After recounting the UPF’s trip to the Melbourne Anarchist Club (MAC) and radio station 3CR (the expedition consisted of Blair Cottrell, Chris Shortis, Neil Erikson, Andrew Wallis and Linden Watson), John attends the Open Day the MAC organised in response: ‘There are more hot anarchists than I expected here. Don’t get me wrong, there are also flabby radicals who wouldn’t be able to throw a Molotov cocktail without breaking into a wheeze, but still’ (p.157). LOL. It’s at this point that Mrs Sneer and Mr Snort enter the story.

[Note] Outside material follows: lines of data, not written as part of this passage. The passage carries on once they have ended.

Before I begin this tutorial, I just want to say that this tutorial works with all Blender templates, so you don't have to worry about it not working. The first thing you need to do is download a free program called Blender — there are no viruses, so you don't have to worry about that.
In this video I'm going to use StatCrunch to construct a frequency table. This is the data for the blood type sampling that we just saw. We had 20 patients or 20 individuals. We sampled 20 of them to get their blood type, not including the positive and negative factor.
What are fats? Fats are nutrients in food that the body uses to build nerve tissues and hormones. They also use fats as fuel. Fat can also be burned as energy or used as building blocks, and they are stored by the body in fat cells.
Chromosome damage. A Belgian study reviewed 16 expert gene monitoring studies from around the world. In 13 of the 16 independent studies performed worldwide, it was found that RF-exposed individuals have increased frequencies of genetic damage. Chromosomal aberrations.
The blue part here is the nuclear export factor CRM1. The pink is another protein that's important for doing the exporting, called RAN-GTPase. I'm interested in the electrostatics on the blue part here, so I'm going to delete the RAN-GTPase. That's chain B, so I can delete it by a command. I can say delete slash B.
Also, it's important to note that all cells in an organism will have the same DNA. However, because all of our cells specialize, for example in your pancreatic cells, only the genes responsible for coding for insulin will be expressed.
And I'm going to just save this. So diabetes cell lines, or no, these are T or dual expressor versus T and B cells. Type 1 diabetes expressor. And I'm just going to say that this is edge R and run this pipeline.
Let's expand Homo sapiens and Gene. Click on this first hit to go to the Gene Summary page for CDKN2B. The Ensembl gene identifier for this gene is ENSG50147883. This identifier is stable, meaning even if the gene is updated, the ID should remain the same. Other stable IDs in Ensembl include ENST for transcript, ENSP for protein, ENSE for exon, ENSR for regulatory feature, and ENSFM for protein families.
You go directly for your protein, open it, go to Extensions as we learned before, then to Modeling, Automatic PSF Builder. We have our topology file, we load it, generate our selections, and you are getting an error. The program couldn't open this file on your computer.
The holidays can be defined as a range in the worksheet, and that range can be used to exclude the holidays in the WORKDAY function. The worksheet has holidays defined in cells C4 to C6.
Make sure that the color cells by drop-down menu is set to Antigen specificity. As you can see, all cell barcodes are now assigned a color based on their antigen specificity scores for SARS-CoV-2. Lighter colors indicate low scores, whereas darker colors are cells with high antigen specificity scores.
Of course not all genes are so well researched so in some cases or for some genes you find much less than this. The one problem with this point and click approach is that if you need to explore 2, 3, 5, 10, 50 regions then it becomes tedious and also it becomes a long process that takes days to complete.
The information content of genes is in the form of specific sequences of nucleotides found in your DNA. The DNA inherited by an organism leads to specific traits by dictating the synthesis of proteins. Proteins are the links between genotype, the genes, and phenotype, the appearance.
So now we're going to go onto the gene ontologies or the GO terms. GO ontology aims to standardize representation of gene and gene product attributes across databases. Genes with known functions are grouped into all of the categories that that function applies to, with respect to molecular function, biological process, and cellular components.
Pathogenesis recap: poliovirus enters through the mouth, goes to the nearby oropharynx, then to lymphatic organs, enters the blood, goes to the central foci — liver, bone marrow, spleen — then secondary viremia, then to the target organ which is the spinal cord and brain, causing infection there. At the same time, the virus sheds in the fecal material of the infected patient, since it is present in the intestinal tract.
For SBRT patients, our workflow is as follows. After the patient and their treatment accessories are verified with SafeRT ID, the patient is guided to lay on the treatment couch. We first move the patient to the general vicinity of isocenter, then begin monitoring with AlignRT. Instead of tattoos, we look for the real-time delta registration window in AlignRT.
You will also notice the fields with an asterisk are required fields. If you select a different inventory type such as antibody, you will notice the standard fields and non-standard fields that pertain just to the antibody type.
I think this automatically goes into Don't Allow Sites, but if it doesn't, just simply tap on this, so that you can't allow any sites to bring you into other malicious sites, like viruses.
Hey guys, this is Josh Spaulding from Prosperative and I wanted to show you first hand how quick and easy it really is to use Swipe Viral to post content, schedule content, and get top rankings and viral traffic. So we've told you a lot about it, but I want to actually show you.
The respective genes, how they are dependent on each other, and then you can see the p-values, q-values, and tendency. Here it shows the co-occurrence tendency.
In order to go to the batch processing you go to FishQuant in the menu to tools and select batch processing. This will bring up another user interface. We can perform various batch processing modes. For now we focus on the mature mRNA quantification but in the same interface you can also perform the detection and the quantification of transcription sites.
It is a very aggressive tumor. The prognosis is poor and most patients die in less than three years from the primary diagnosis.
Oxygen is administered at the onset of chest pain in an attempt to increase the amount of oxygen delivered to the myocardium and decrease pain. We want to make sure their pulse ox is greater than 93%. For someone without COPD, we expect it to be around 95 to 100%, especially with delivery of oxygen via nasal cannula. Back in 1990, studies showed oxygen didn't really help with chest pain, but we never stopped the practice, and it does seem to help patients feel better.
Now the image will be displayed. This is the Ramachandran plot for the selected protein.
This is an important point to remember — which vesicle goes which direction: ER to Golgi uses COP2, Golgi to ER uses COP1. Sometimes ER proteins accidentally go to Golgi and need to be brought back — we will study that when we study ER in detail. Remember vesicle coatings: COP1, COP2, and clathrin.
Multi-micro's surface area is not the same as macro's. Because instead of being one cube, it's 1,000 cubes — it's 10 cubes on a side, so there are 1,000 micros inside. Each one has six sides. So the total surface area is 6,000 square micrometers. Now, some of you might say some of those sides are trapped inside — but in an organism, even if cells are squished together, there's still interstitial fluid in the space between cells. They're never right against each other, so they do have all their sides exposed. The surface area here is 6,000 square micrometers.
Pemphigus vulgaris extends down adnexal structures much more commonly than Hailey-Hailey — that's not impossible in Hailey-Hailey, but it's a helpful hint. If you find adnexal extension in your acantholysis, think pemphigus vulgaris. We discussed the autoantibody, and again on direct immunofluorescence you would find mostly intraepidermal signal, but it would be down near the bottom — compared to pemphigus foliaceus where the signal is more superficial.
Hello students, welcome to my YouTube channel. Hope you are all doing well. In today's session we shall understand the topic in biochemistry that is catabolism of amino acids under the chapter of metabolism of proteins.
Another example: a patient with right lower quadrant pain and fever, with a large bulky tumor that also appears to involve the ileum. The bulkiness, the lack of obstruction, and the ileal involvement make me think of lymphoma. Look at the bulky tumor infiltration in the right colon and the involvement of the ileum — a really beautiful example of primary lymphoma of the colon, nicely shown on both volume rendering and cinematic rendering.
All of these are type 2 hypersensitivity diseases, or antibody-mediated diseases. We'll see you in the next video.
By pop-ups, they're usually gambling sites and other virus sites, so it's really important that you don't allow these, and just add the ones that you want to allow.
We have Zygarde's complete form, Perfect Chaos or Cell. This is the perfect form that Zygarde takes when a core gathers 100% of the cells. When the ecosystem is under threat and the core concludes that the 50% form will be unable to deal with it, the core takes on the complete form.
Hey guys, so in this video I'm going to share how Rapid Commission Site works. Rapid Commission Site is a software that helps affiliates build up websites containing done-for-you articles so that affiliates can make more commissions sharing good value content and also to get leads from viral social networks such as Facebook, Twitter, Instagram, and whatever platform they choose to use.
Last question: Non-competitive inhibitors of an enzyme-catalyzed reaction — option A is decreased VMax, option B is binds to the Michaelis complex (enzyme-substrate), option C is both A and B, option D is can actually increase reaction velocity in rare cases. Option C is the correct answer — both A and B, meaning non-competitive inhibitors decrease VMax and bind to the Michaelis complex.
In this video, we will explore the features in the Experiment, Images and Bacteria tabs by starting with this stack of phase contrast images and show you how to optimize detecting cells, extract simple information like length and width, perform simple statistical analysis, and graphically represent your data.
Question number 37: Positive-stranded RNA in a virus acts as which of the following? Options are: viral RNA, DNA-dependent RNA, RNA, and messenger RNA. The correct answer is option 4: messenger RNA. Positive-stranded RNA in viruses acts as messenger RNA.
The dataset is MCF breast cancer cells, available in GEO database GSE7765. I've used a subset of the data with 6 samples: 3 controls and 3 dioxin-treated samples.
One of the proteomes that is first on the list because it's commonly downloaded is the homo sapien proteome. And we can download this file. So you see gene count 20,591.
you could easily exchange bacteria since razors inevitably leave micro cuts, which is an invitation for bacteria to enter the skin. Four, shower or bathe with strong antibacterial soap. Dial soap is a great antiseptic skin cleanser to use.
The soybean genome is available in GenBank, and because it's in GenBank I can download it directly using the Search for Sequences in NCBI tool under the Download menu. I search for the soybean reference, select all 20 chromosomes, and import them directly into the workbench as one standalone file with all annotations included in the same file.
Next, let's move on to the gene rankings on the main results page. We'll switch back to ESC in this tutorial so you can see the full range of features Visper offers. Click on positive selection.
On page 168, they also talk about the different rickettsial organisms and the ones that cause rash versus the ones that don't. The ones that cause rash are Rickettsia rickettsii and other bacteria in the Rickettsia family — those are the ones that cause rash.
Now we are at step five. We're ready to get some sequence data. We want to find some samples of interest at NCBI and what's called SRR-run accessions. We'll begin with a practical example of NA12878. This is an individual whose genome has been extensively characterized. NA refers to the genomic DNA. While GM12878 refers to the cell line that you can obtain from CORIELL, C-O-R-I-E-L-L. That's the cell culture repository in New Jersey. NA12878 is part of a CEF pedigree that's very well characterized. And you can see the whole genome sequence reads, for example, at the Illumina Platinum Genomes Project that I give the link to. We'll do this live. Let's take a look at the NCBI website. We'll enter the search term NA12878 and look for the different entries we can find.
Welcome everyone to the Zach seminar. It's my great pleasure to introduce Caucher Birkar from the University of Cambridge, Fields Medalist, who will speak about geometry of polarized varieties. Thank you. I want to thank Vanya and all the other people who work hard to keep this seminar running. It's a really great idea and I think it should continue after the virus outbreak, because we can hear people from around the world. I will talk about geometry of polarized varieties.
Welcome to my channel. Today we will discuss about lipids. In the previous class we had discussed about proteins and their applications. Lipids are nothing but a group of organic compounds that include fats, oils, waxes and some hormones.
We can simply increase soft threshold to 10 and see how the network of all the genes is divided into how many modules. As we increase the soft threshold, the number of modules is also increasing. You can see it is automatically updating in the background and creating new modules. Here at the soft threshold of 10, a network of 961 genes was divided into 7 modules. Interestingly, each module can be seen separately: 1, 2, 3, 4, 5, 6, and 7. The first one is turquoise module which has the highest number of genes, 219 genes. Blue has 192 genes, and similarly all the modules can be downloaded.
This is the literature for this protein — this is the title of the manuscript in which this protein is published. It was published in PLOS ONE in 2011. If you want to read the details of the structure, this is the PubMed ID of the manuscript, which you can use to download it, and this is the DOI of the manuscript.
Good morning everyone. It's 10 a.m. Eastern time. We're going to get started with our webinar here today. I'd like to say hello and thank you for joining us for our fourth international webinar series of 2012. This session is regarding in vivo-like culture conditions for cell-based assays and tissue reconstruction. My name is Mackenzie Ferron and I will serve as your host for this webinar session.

After criticising John for his (inadvertent) appearance in the UPF’s promotional stunt, Mr Snort registers his displeasure with John’s article on the Golden Dawn and AFP rally in Brisbane in 2014. It’s at this point that the distinction between ‘structural’ and ‘non-structural’ violence is introduced: Mr Snort says far-right violence is a form of ‘structural violence’ (that is, part of State, corporate and systemic violence), and left-wing violence isn’t. And furthermore, my ‘comedic story’ contributed to this ‘structural violence’ by equating the two. For John, this distinction, and its flaws, comes to encapsulate what he considers a worrying trend, both on the left and among some Muslims (the Sufi’s view on the Charlie Hebdo attack), one which tries and fails to escape the ethical dimensions of discussions on the uses of violence and which, in the end, dismisses various examples of anti-Semitism as being trivial and unworthy of a serious response. Thus Mrs Sneer claims that [t]here’s not meaningful anti-Semitism these days … in the way there’s meaningful Islamophobia, and in practice, this distinction merely becomes a way of separating worth from unworthy victims, the Naughty from the Nice.

Or something.

Mrs Sneer and Mr Snort are then unfavourably compared to the arguably more nuanced approach of ‘Ahmet the Turk’, who attended the open day to express solidarity with the MAC. Beefy and bald, he says he’s new to politics but when he saw ‘these people getting attacked for essentially defending Muslims? I thought, You know what? We’ve got to show them some solidarity. We need to tell them, “You are not alone.” Just like how they’ve told us that we’re not alone.’ Ahmet and the Seven Turks then rock up to the Reclaim/UPF/True Blue Crew rally in Melton (pp.169–180), where inter alia they’re photographed with Senator Lee Rhiannon (or at least, that’s what Ralph Cerminara reckoned LOL) but otherwise try and keep the peace. (As an aside, John writes that the reason the rally was held in Melton was in order to protest the fact that the local council had approved the building of a mosque. This is incorrect. Rather, protesters were angry and upset because they claimed, falsely, that Melton Specialist School had planned to re-locate from Coburns Road to the former site of Victoria University’s Melton campus in Rees Road, Melton South, but was forced to abandon the site to make way for the Al Iman College. See : Anti-Muslim rally reveals a racism both shocking and commonplace, Crikey, November 23, 2015.)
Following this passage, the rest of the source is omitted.